Table 1 Clinical characteristics of the patients.

At the end of the follow-up, patients with a ΔBMI ≥ 1.7 kg/m2/year showed a lower rate of staying at communication stage I than those with < 1.7 kg/m2/year (Table 1). The frequency of the development of ophthalmoplegia tended to be higher in patients with a ΔBMI ≥ 1.7 kg/m2/year.

Table 2 shows the duration from onset to the appearance of motor disabilities in the total patient cohort and the subgroups. Patients with a ΔBMI ≥ 1.7 kg/m2/year showed a shorter duration of staying at communication stage I from both onset and TIV use, and a shorter duration from onset to the appearance of ophthalmoplegia, total quadriplegia, mouth opening disability, and dysuria than patients with a ΔBMI < 1.7 kg/m2/year.

Table 2 Time from onset to development of motor disabilities.

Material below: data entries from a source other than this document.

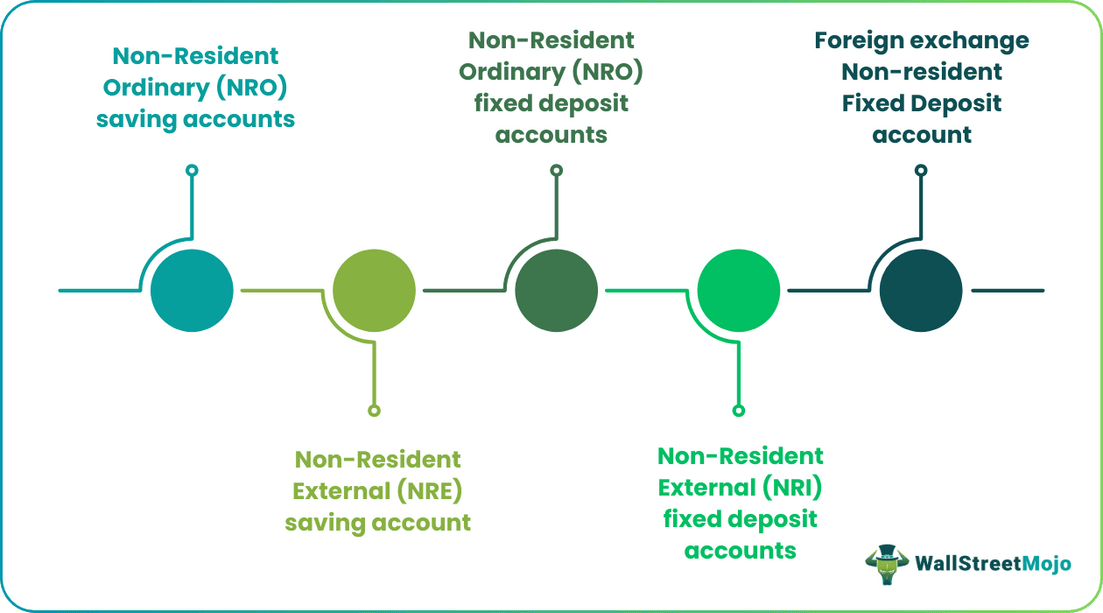 Different Types of NRI Accounts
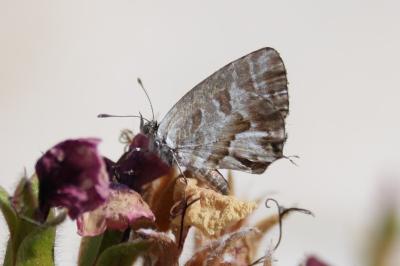 <i>Cacyreus marshalli</i>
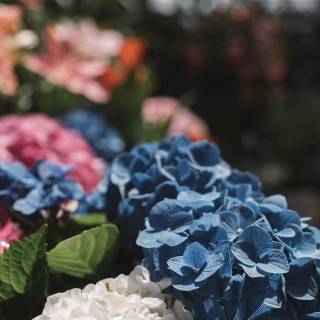 Hydrangea phone wallpaper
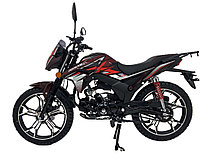 Новая Альфа 125 XL, фото 2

Kaplan-Meier analyses showed that patients with a ΔBMI ≥ 1.7 kg/m2/year had shorter period of staying at communication stage I than those with a ΔBMI < 1.7 kg/m2/year (p = 0.0001, log-rank test; Fig. 2a). Kaplan-Meier analyses also showed that patients with a larger ΔBMI had shorter periods to development of ophthalmoplegia (p = 0.0001, log-rank test; Fig. 2b), total quadriplegia (p < 0.0001, log-rank test; Fig. 2c), mouth opening disability (p < 0.0001, log-rank test; Fig. 2d), and dysuria requiring urinary catheter insertion (p = 0.0455, log-rank test; Fig. 2e), than those with a lower ΔBMI.

Figure 2
figure2

Comparison of the rate of staying at communication stage I from onset between patients with ΔBMI ≥ 1.7 kg/m2/year and < 1.7 kg/m2/year (a), and progression rate from onset to development of ophthalmoplegia (b), total quadriplegia (c), mouth opening disability (d) and dysuria with urinary catheter insertion (e). Kaplan-Meier analyses showed that patients with ΔBMI ≥ 1.7 kg/m2/year had a shorter period of staying at communication stage I (p < 0.0001), shorter periods to development of ophthalmoplegia (p < 0.0001), total quadriplegia (p < 0.0001), mouth opening disability (p < 0.0001) and dysuria (p = 0.0455) than patients with ΔBMI < 1.7 kg/m2/year.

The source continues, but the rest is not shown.